WASHINGTON—The Treasury Department is set to clarify that only cryptocurrency companies it considers brokers will need to comply with proposed IRS reporting requirements, aiming to quell concerns over a provision in the bipartisan infrastructure bill passed by the Senate.
Among those that have expressed concerns over the proposed reporting have been credit unions, with both national trade groups issuing statements opposing the plan.
In addition, firms key to the nearly $2-trillion crypto market – from developers and miners to hardware and software providers – won’t have any new requirements, so long as they don’t also act as brokers, according to a Treasury official, Bloomberg reported.
$28 Billion Estimate
According to Treasury, the guidance won’t grant blanket exemptions based on how firms identify themselves and instead will focus on whether a firm’s activities qualify it as a broker under the tax code, the official said on condition of anonymity.
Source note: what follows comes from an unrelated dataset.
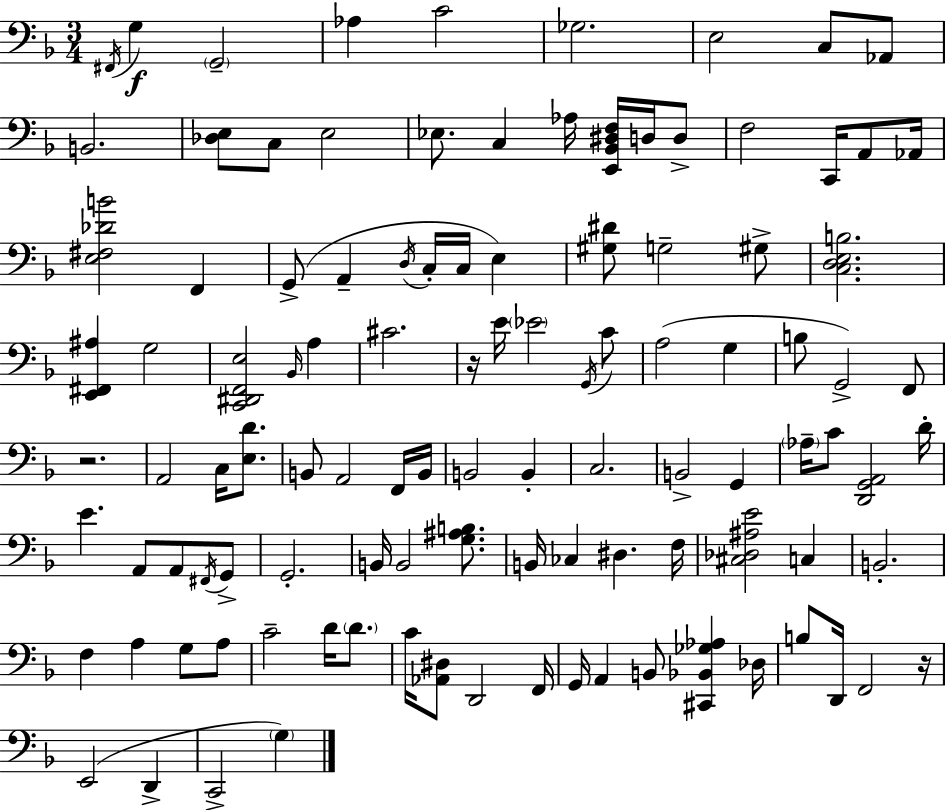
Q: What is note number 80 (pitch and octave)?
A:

“The guidance, which could be made public soon, is an attempt to address concerns in the cryptocurrency industry that the $550-billion infrastructure bill would require a host of companies with ties to digital assets to report data to the Internal Revenue Service that they don’t have,” Bloomberg stated.
The tax provision, estimated to raise $28 billion over a decade, was included in the legislation as a way to help pay for new investments in roads and bridges, Bloomberg noted.